Concerns about the UK’s future energy security have been raised this week as one of the countries most productive nuclear power plants, has been turned off.
Shortly after 10am on Monday 1st August the last steam rose from Hinkley Point B power station, which has, since 1976, produced reliable zero carbon electricity for 81 million homes. In its 46 years, Hinkley Point B has generated 311 billion kilowatt-hours, which is enough to power 100 million homes for a year at the average UK usage. Over its lifetime, the station has also saved 107 million tonnes of CO2 (worth £8.3 billion at today’s carbon price).
Hinkley Point B, which is based in Somerset, has contributed about 3% of the UK’s total yearly power needs and its closure has left many industry experts warning that this will lead to a substantial rise in the cost of energy at a time when prices are already at an all-time high.
With Hinkley B no longer producing power, more electricity will need to be generated using fossil fuels, such as gas, whose scarcity has led to record-breaking prices. But, why has the station been switched off, and what are the environmental and human costs of this closure likely to be?
Why did Hinkley B have to close?
Putting it plainly, Hinkley B has come to the end of its natural life as a working power plant.
When it was first planned back in the 1960s, it was only expected to operate for a few years into the new century, with the original end of life date set for 2016. However, thanks to the diligent and scrupulous care of the technology, EDF, the owners of the plant, announced it could safely continue operating until 2022.
It is a testament to those who have worked to keep Hinkley Point B operational that it was able to keep producing low carbon electricity 15 years longer than it was originally designed to do.

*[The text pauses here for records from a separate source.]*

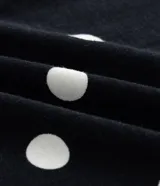 Blusa de cuello alto y manga larga, confeccionada en viscolycra con estampado de lunares blancos sobre fondo negro.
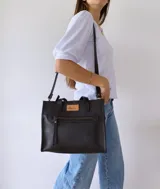Cartera tipo tote bag de cuero color negro, con doble asa corta de mano y correa larga regulable y extraíble para usar al hombro o cruzada. Tiene un bolsillo frontal con cierre y un bolsillo interno.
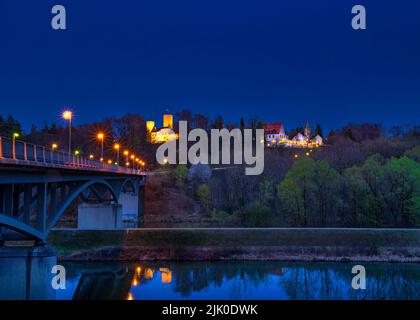 View of Grünwald with Grünwald Castle and Grünwald Bridge at night, Isar Valley, Grünwald, district of Munich, Upper Bavaria, Bavaria, Germany, Europe Stock Photo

With Hinkley Point B’s retirement, the UK now has five generating nuclear power stations. Two further stations will retire by March 2024, and all but one will retire by March 2028. However, Hinkley Point C is currently under construction in Somerset and expects to begin power generation in 2027. It is the first nuclear power station to be built in the UK for more than 20 years. EDF also plans to build a new reactor next to the current Sizewell B station in Suffolk, however is currently waiting for the Secretary of State to approve the application.
What does the closure of Hinkley B mean for UK energy?
Before the closure of Hinkley B, nuclear power made up around 20% of the energy used every day, with a fifth of this coming from Somerset. Now there are only five remaining nuclear sites left across the UK, and they are unable to increase their output.
As a result, more energy will need producing using gas power plants to make up the shortfall and price rises are inevitable.
Building on this, some experts argue that by decreasing the UK’s nuclear availability, we are guaranteeing ourselves less space to choose the cheapest source of power from the wholesale market and keep prices down. This means millions of families across the UK will continue to feel the rising costs of energy if our options for power remain limited.
In May, chief executive at energy regulator Ofgem Jonathan Brearley said the typical household should expect to see an £800 increase in energy bills, to £2,800 a year. But, just two months later, in July, in conversation with MP’s he claimed “[the] prices are looking higher than they did when we made that estimate”. However, no additional estimates were presented at the time.
As well as those who will be impacted by the rising cost of electricity following its closure, it is important to remember that Hinkley Point B has been a place of work and community for thousands of employees over the years and has been a major employer across the region.
Today, the plant employs around 750 people, with many generations of families working side by side. Its closure has understandably been met with mixed emotions from those who have worked to make it the UK’s most productive nuclear power plant.
Reflecting on the closure, Tom Greatrex, Chief Executive of the Nuclear Industry Association, said: “The dedicated staff who have helped keep homes in the South West warm and light for 46 years, deserve our gratitude. As the current energy crisis demonstrates, without nuclear the cost of the electricity we rely on is higher and leaves us reliant on burning imported fossil fuels. That’s why we need new nuclear.”
However, it is important to note that there are many who see the closure of Hinkley Point B as long overdue.
For decades, many local activists have campaigned against nuclear power across Somerset. These local groups have argued that these power plants produce harmful nuclear waste which has detrimental impacts on the health of the environment and local communities.
Furthermore, campaigners argue it will take 100 years before the waste is cleared underground and that it will burden future generations who will have to continue ensuring the radioactive waste is managed safely.
Whilst opinions around the sustainability, safety and utility of nuclear power continue to vary, it is clear that the current energy crisis facing the UK is only set to worsen and the need for further debate, discussion, information, and evidence to help identify greener and more cost-effective sources of energy are critical.